Re: 2.95, x86: severe performance problems with short arithmetic
- To: Richard Henderson <rth@cygnus.com>
- Subject: Re: 2.95, x86: severe performance problems with short arithmetic
- From: Zack Weinberg <zack@bitmover.com>
- Date: Wed, 11 Aug 1999 10:23:25 -0700
- cc: Jeffrey A Law <law@cygnus.com>, John Wehle <john@feith.com>, gcc@gcc.gnu.org
Richard Henderson wrote:
> On Tue, Aug 10, 1999 at 11:00:53PM -0600, Jeffrey A Law wrote:
> > Instead we need to do more analysis to determine when it is profitable to
> > promote from 8/16 bit operations to 32bit operations.
>
> The new_ia32_branch currently just disables all such promotions when
> TARGET_PARTIAL_REG_STALL. Not ideal, perhaps, but much better than
> blindly going ahead with the promotions.
>
> Yes, a post-reload pass to match up register usage modes would be the
> ideal solution, but something like that isn't going to go into 2.95.1.
>
> IMO going through the 10 to 20 patterns in the existing code base
> that do such promotions and conditionally disabling them is the only
> viable course for 2.95.
If I make a patch to do this, will it be accepted for 2.95.1?

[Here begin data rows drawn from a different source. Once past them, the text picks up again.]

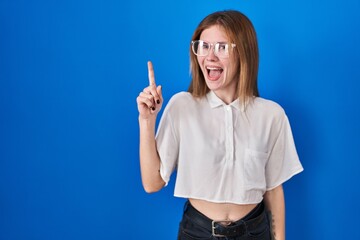 Beautiful woman standing over blue background pointing finger up with successful idea. exited and happy. number one.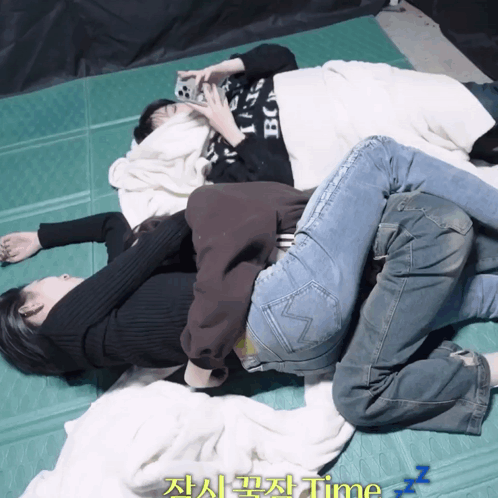 Three People Laying On Top Of Each Other On A Green Mat With The Word Time Written On The Bottom GIF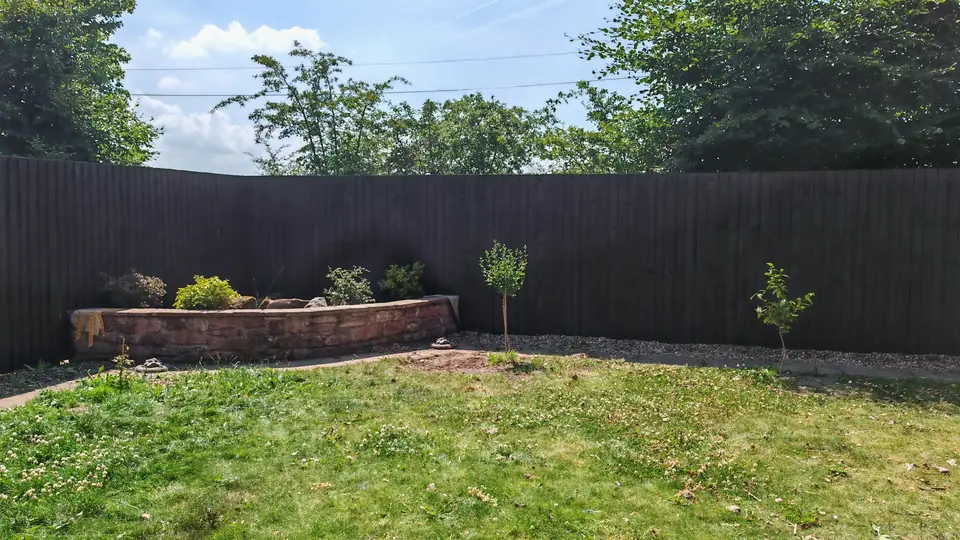 Fence and side gate re-coloured from orange-red to dark brown: the garden fence behind the raised bed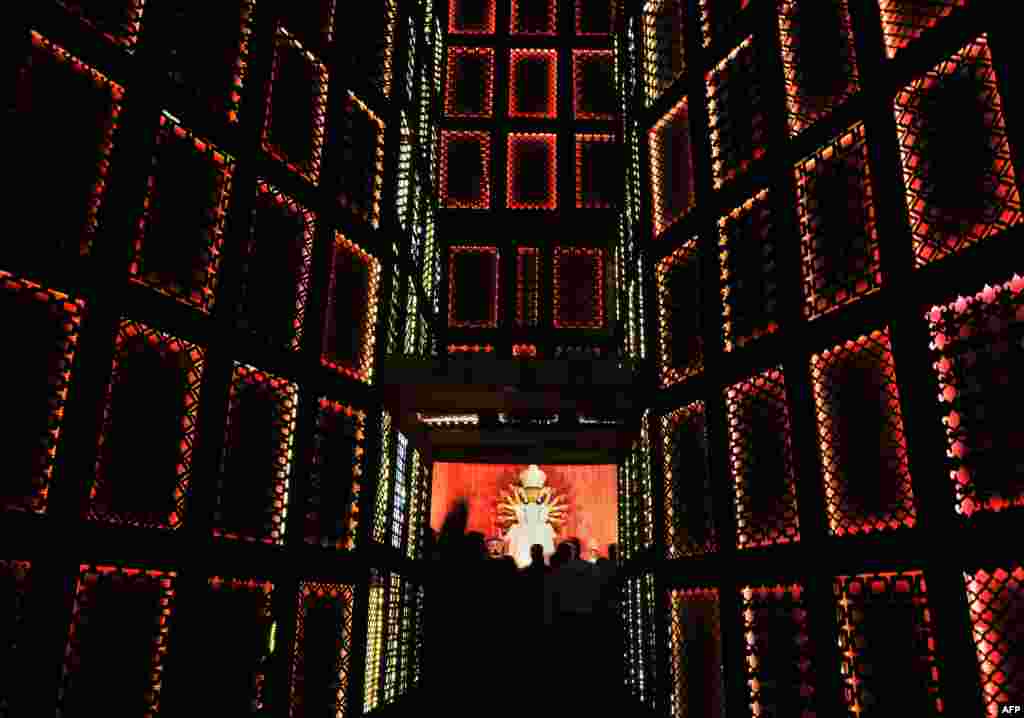 Indian Hindu devotees gather in front of a puja pandal, an area to worship the Hindu Goddess Durga ahead of the forthcoming Durga Puja festival in Kolkata. 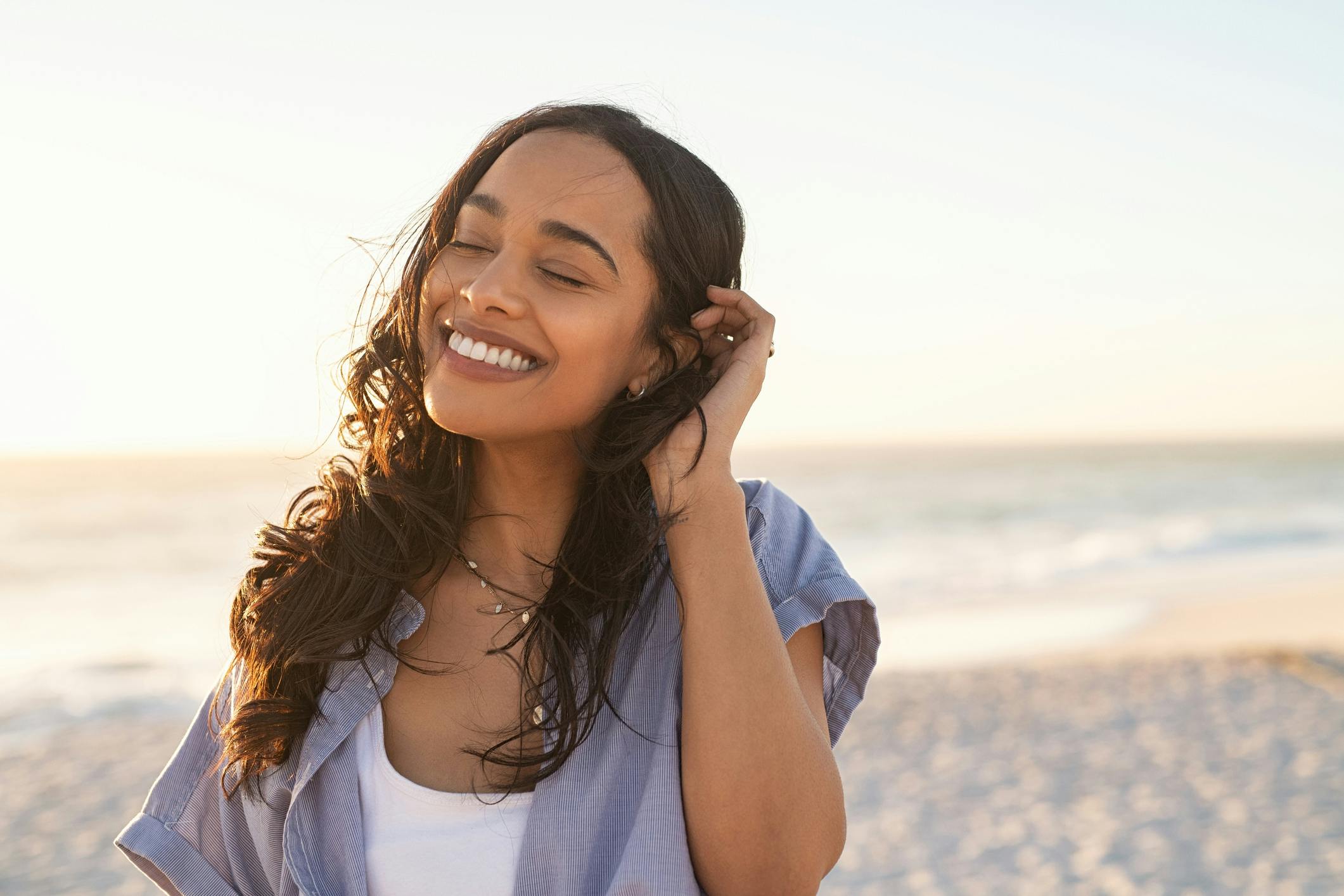 Woman smiling on the beach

For 2.96/the new_ia32_branch, I wonder if it would be possible to
use the peephole2 framework you posted to widen register operations
throughout a function.
Going back to the sample code I posted...
.L3:
movb (%ebx),%dl # 26 movqi+1/1
incl %ebx # 27 addsi3+1/1
testb %dl,%dl # 29 tstqi_1
je .L4 # 30 bleu+1
movzbw %dl,%ax # 35 zero_extendqihi2+1
addl %eax,%esi # 37 addhi3+1/1
movb %dl,(%ecx) # 41 movqi+1/3
incl %ecx # 42 addsi3+1/1
cmpb $10,%dl # 44 cmpqi_1/2
jne .L3 # 45 bleu+1
.L4:
I wonder if it wouldn't be profitable to do the extend at the same
time as the fetch, like this:
.L3:
movzbl (%ebx),%edx
incl %ebx
testb %dl,%dl
je .L4
addl %edx,%esi
movb %dl,(%ecx)
incl %ecx
cmpb $10,%dl
jne .L3
.L4:
This is three bytes smaller and uses one fewer register, and I don't
think it's any worse in decode penalties or whatever.
zw